Una veintena de hombres, todos ellos indeseables a juzgar por su aspecto, estaban sentados en círculo, jugando. Todos los hombres se volvieron hacia Matahachi, y uno de ellos le hizo silenciosamente sitio para que se sentara.

—¿Está aquí Akakabe Yasoma? —preguntó Matahachi.

—¿Yasoma? —replicó uno de los jugadores en tono sorprendido—. Ahora que lo pienso, últimamente no ha venido por aquí—. ¿Por qué?

—¿Crees que vendrá más tarde?

—¿Cómo podría saberlo? Siéntate y juega.

—No he venido a jugar.

—¿Qué estás haciendo aquí sí no quieres jugar?

—Estoy buscando a Yasoma. Siento molestaros.

—¡Pues búscalo en otro sitio!

—He dicho que lo siento —dijo Matahachi, apresurándose a salir.

—¡Espera un momento! —le ordenó uno de los jugadores, levantándose para seguirle—. No puedes irte después de decir simplemente que lo sientes. ¡Aunque no juegues, tienes que pagar por tu asiento!

—No tengo dinero.

—¡No tienes dinero! Ya veo. Esperando la ocasión de birlar unas monedas, ¿eh? Un maldito ladrón, eso es lo que eres.

—¡No soy ningún ladrón! ¡No puedes insultarme así! —Matahachi aferró la empuñadura de su espada, lo cual sólo divirtió al jugador.

—¡Idiota! —gritó—. Si las amenazas de los tipos como tú me asustaran, no podría mantenerme vivo en Osaka un solo día. ¡Usa la espada, si te atreves!

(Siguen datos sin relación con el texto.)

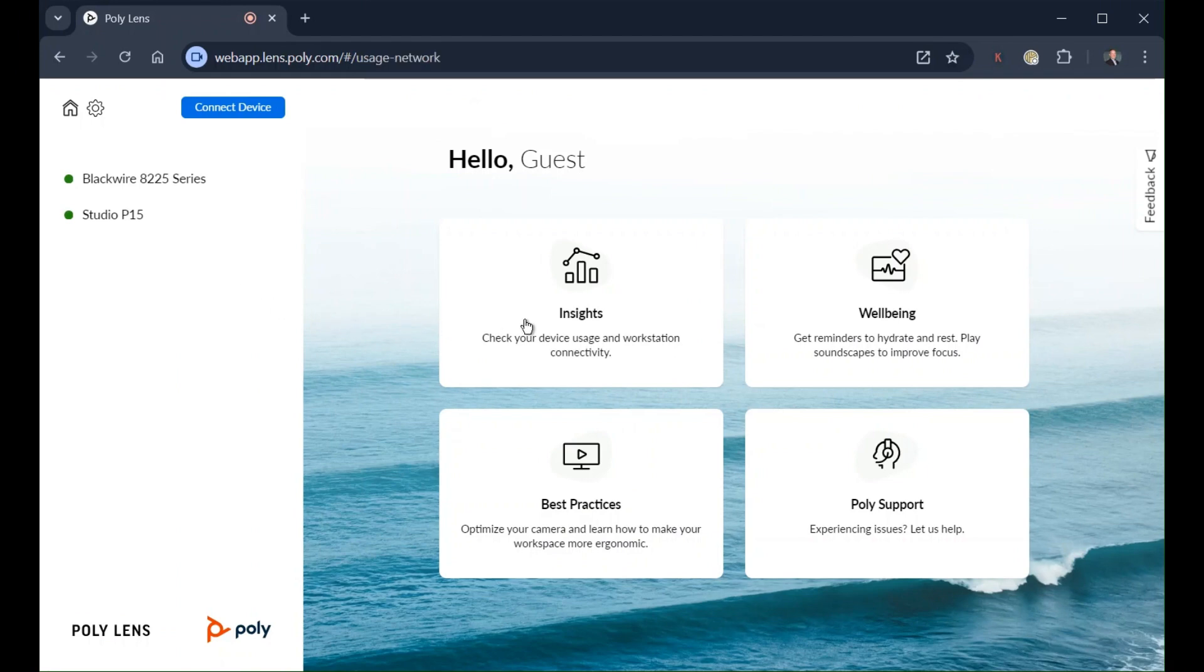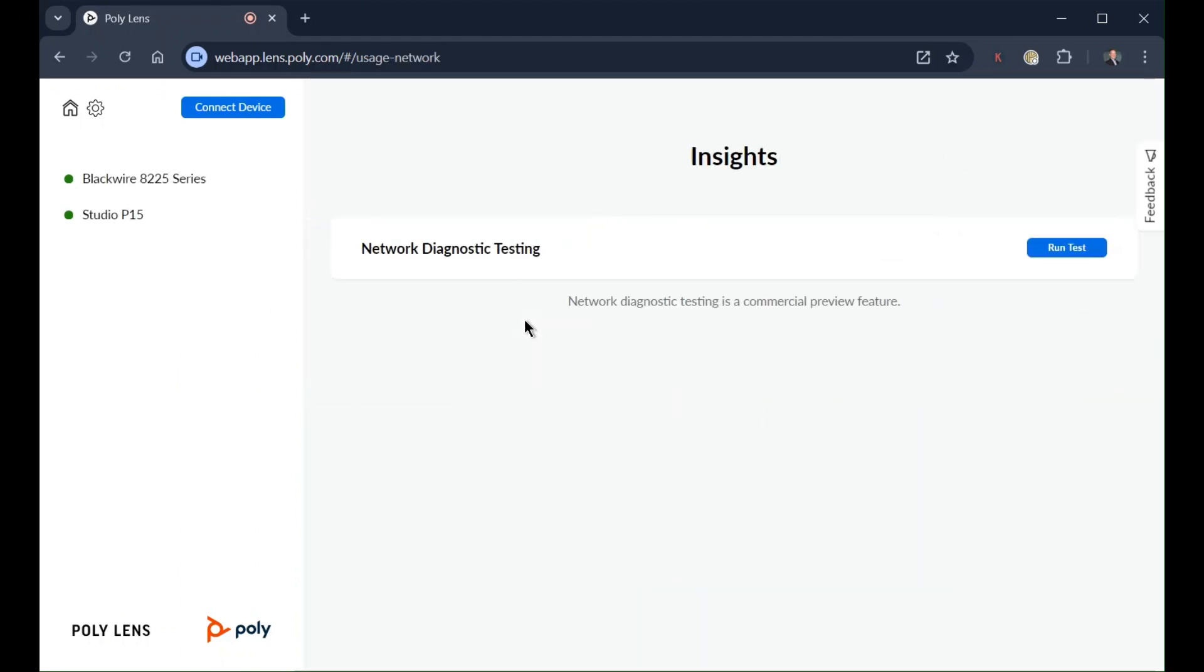Beyond personal device control, you may also use helpful tools such as testing your network speed.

—¡Te advierto que lo digo en serio!

—¿Ah, sí? No me digas.

—¿Sabes quién soy?

—¿Por qué habría de saberlo?

—Soy Sasaki Kojirō , sucesor de Toda Seigen en la aldea del Jōkyōji en Echizen. Fue el creador del estilo Tomita.

Mientras pronunciaba orgullosamente estas palabras, Matahachi pensó que bastarían para hacer huir al hombre, pero se equivocaba. El jugador escupió y se volvió hacia el cercado.

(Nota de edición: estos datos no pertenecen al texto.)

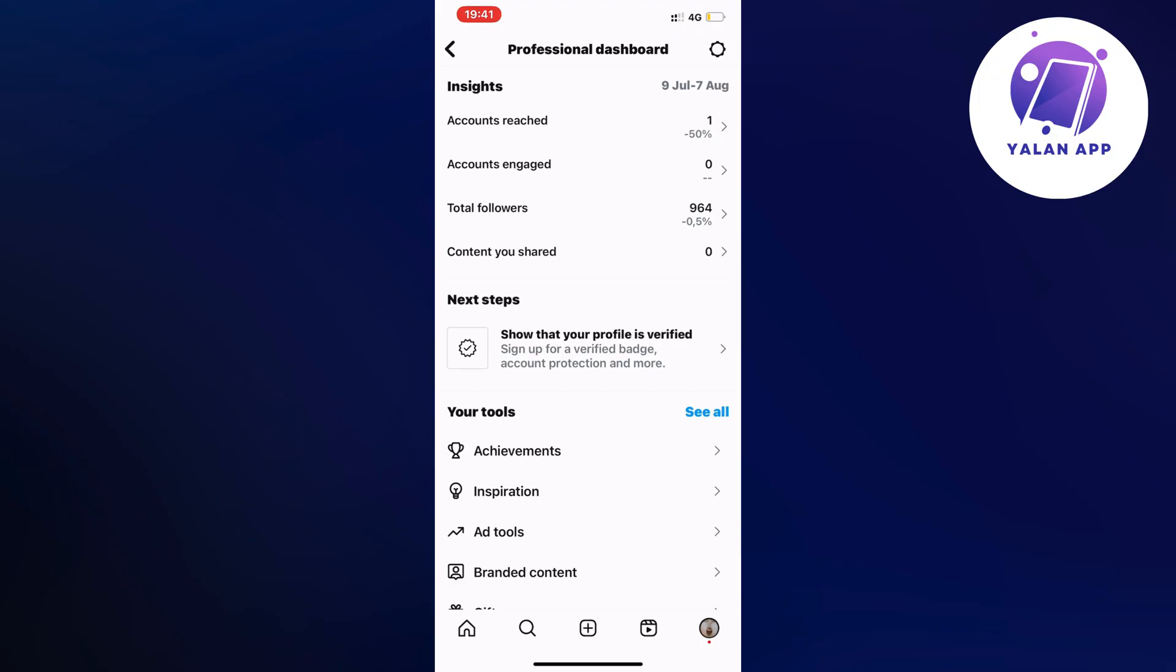And why I said before you cannot have a private account is because business account or creator account is not allowed to be private basically. So that is why and I hope that you understand. So basically that is exactly how to fix this issue.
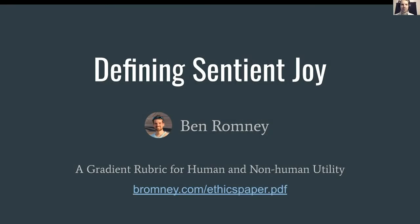Welcome to this breakout session on defining sentient joy. My name is Ben Romney and I am presenting based on a paper I wrote called 'A Gradient Rubric for Human and Non-Human Utility.' You can find it at bromney.com/ethics-paper.pdf. As a little background, I'm a senior software engineer at Qualtrics by day and a dabbling moral philosopher by night.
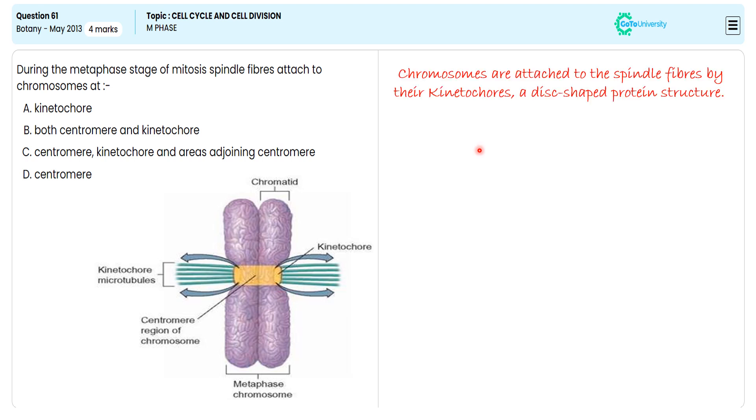We have given the pictorial representation and narrated how the spindle fiber is getting attached to the kinetochore. With this specification, we are choosing option A as the correct answer for this multiple choice question.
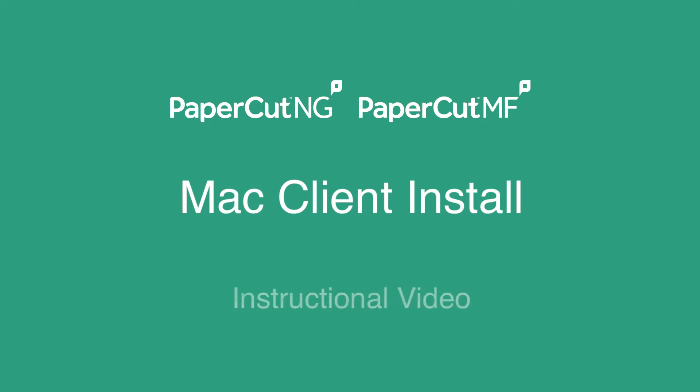Hello, my name is Art. I'm a technical support engineer here at PaperCut. In this video, we'll talk about setting up the PaperCut client for single and multiple users on Mac.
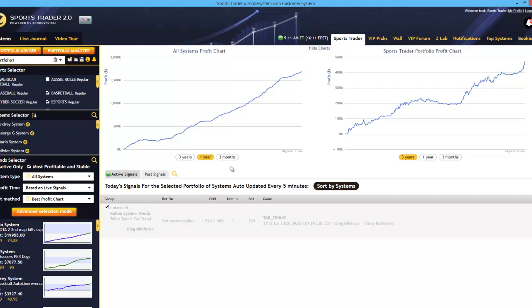So that's about it for this tutorial. In the next video tutorial, we will cover more of the advanced features in SportsTrader. We'll take a deeper look at the portfolio advisor and analyzer, and even the advanced trend selection mode in detail. Thanks for watching and I'll see you in the next video. Thank you.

—¡Eh, todos vosotros! Este tipo acaba de decir que es alguien importante. Al parecer, quiere atacarnos con su espada. Veamos qué tal la maneja, será divertido.

Al ver que el hombre estaba desprevenido, Matahachi desenvainó de repente su espada y dio un tajo lateral a la espalda del jugador.

El hombre saltó en el aire.

—¡Hijo de perra! —gritó.

Matahachi se escabulló entre la multitud. Deslizándose desde un grupo de gente al siguiente, logró permanecer oculto, pero cada rostro que veía parecía el de uno de los jugadores. Pensó que no podía esconderse de esa manera indefinidamente y miró a su alrededor, en busca de un refugio más sólido.

Delante de él, sobre una valla de bambú, había una cortina con un gran tigre pintado. Había también un estandarte sobre la entrada con el dibujo de una lanza de dos puntas y un penacho. Encaramado a una caja vacía, un hombre gritaba ásperamente:

—¡Ved al tigre! ¡Entrad y ved al tigre! ¡Haced un viaje de mil millas! Este enorme tigre, amigos míos, fue capturado personalmente por el gran general Katō Kiyomasa en Corea. ¡No os perdáis al tigre! —Su perorata era frenética y rítmica.